UNSERE
PHILOSOPHIE
Das
Leben ist nicht viel mehr als ein Tag und eine Nacht. Es reicht
schon, wenn man einen Tag menschenwürdig verlebt hat, und
die Nacht darauf auch. Alles andere ist bloße Wiederholung
dieses einen Tages und dieser einen Nacht, und ob es so hundert
Jahre oder sechzig oder auch nur vierzig dauert, im Wesen
bleibt es sich gleich.
Wir
sagen: Als der Himmel die Zeit erschuf, hat er davon genug
geschaffen. Das ist unsere Grundhaltung zum Leben. So meinen
wir, wir hätten unendlich viel Zeit. Aber ihr wollt glauben,
ihr hättet nicht genug davon. Kein Wunder, wenn die Leute
einem unsichtbaren Ziel von der Geburt bis zum Tod nachjagen.

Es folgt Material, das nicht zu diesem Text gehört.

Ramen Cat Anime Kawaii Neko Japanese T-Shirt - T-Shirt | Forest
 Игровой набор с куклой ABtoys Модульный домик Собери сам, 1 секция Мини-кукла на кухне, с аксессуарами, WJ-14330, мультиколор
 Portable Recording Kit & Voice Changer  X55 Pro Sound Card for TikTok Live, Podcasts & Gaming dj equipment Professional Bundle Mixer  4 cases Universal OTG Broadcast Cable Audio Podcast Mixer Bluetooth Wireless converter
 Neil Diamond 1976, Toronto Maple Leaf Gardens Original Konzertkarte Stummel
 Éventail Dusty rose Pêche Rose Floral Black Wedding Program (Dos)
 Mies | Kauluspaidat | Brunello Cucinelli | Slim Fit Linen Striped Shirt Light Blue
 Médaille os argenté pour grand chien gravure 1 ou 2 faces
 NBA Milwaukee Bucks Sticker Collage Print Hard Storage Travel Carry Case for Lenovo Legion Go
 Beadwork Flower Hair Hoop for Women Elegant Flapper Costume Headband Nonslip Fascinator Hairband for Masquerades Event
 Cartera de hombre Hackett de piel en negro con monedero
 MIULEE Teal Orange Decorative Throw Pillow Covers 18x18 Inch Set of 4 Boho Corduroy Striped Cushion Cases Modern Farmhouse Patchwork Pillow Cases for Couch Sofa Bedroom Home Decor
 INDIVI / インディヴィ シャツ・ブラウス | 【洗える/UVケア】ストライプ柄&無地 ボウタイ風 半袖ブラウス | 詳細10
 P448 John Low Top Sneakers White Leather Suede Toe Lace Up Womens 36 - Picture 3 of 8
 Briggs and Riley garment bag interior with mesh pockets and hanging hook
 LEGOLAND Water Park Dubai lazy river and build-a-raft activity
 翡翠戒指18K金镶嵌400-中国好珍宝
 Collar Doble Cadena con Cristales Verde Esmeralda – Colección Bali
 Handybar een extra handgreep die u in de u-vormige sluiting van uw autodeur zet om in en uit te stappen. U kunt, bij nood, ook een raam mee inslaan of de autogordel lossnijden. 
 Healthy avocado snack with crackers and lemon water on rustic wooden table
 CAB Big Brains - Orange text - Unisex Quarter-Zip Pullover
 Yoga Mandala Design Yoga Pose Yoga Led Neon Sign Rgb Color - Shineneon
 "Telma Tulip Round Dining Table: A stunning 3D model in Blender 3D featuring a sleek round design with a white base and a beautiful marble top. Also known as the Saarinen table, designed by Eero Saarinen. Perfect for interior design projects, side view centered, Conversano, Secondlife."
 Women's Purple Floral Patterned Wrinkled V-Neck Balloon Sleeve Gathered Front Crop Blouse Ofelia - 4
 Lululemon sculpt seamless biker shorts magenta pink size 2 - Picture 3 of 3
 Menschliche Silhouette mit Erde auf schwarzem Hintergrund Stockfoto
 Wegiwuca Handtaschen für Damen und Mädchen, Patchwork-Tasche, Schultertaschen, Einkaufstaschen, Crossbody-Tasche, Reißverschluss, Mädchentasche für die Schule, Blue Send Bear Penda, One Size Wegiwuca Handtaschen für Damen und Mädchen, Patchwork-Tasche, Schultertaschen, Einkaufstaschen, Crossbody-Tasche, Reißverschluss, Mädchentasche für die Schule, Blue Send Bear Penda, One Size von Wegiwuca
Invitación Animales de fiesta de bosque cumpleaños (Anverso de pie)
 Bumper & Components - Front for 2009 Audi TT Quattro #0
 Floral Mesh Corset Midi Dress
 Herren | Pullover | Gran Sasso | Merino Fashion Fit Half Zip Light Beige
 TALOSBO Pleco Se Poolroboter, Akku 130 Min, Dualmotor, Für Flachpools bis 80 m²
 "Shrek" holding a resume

Die ganze Lebenszeit ist verplant, verzettelt in Termine,
und man hat vom eigentlichen Leben so wenig. Wir dagegen leben
wenigstens für etwas Handfestes: für unsere Eltern, und die
sollen geliebt, geachtet und versorgt werden. Dann haben wir
unsere Berge, unsere Erde, unsere Gewässer, unseren Himmel,
unseren Altai. Und wenn wir diesen einigermaßen sauber und
ganz unseren Kindern weitergeben können, die Eltern immer
geachtet, erfreut und sie dann bestattet haben, dann ist ziemlich
alles getan. Das ist ein gutes Leben gewesen.
Und
was heißt Altai?
Das
kommt von ala, bunt, und dag, Berge. Bunte Berge also. Dies
aber auf tuwa. Im Kasachischen und Kirgisischen heißt es Alatau.
Der Altai ist eine der längsten Gebirgsketten überhaupt. Wir
haben kein Wort für Gott. Der Spruch, den wir tagtäglich voller
Inbrunst aussprechen, lautet: Ej baj Aldajm! Oh, mein reicher
Altai!
Zitiert
aus: Amélie Schenk/ Galsan Tschinag „Im Land der zornigen
Winde. Geschichte und Geschichten der Tuwa-Nomaden aus der
Mongolei", Frauenfeld 1997.
Der
Altai stellt ein Naturschutzreservat dar, ist Weltkulturerbe.
Und die Menschen, die dort streckenweise immer noch in urgesellschaftlichen
Verhältnissen leben, haben eine tief verwurzelte Achtung vor
der Schöpfung. Sie wissen die menschlichen Bedürfnisse mit
dem Wohl der großen Natur in Gleichklang zu halten.